Discussion in 'Rabbits' started by Ben_slow, Oct 3, 2006.

  1. Ben_slow

    Ben_slow Member

    Sep 28, 2006
    Hi all,

    I’m brand spanking new to this forum and also to the world of raising rabbits for meat. I’ve read lots though and whilst a newbie here I’m not a newbie to self sufficiency. My wife, daughter and I live on a 30 acre permaculture farm in Nicaragua. We have Turkeys and Chickens, vegey gardens, fruit orchards and other home steady things. Our latest plan is to add rabbit to our diet. I have a basic design in mind and wondered if you folk could add any knowledge/idea’s to it before we implement.

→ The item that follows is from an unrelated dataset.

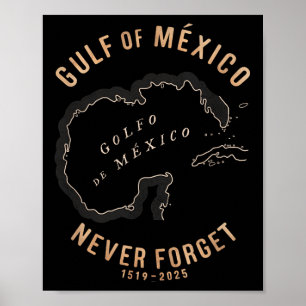 Funny Gulf Of Usa America Gulf Of Mexico Never For Poster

    We want largely self reliant housing for our rabbits (just 2 does and a buck for kick off). Where we live is very hot and/or very wet. Materials are generally expensive and a long way from our farm. So the simpler the better.

    The design;

    I’m thinking of a 15’ x 15’ enclosure (more or less) made of 1” chicken wire, roofed with zinc on one side or in one corner for shelter and nesting and over shaded with trees but open sided all the way around to allow for wind and cooling. Probably a segregated caged buck, confined to quarters or to a seperate 'run' other than for mating.

    We’ll supply an internal windbreak and plenty of shade (provided by trees) to a ¼ or ½ the enclosure for keeping them cool/warm dependent on weather and also site the enclosure in the breesiest site we have.

    I want to plant sorghum, a leafy legume and amaranth together and/or in rotation over a half or third of the open area for the rabbits to eat. But I've read sorghum contains a poison as a young shoot? Can anyone confirm this?Otherwise it would be great as its drought hardy and grows like wildfire thus making it a great leafy green for hungry rabbits. By providing continually rotated crops I am hoping to keep our rabbits well fed without the effort of supplying additional feed’s other than from the kitchen/garden scraps and grains we produce on the farm. The grains I intend to feed them are again sorghum and maize - we grow these in abundance for personal consumption and for the chickens but would they too work on our rabbits?


    1) Is the area I have allowed sufficiently big enough for 3 rabbits in terms of energy output from the crops we intend to put in, given half of the area will be fenced off for regeneration?

    2) Do I need to mesh the floor to prevent escape? Foxes where I live don’t burrow and 1” mesh for the sides is small enough to keep problem snakes out.

    3) Foxes where we live are small, about the size of a cat, clearly a problem for baby bunnies, so I'm thinking roof the enclosure with wire too unless anyone has any other foxey solutions - like an angle to the enclosure fencing for instance?

    4) Does anyone know if rabbits will eat sorghum or maize as a grain? – I have loads!

    5) What about plantain and banana’s! I’ve got millions of them! What about other fruits like papaya or roots like Casava?

    Thanks all, I look forward to your input,

  2. MaggieJ

    MaggieJ Well-Known Member Supporter

    Feb 6, 2006
    Prince Edward County, Ontario, Canada
    It's obvious you are putting a lot of thought into this before you start and trying to work with the local conditions, which is great! :goodjob: So many people just rush in and then run into problems.

    I think it would be helpful to know your maximun and minimum temperatures before trying to advise. Rabbits handle cold much better than heat.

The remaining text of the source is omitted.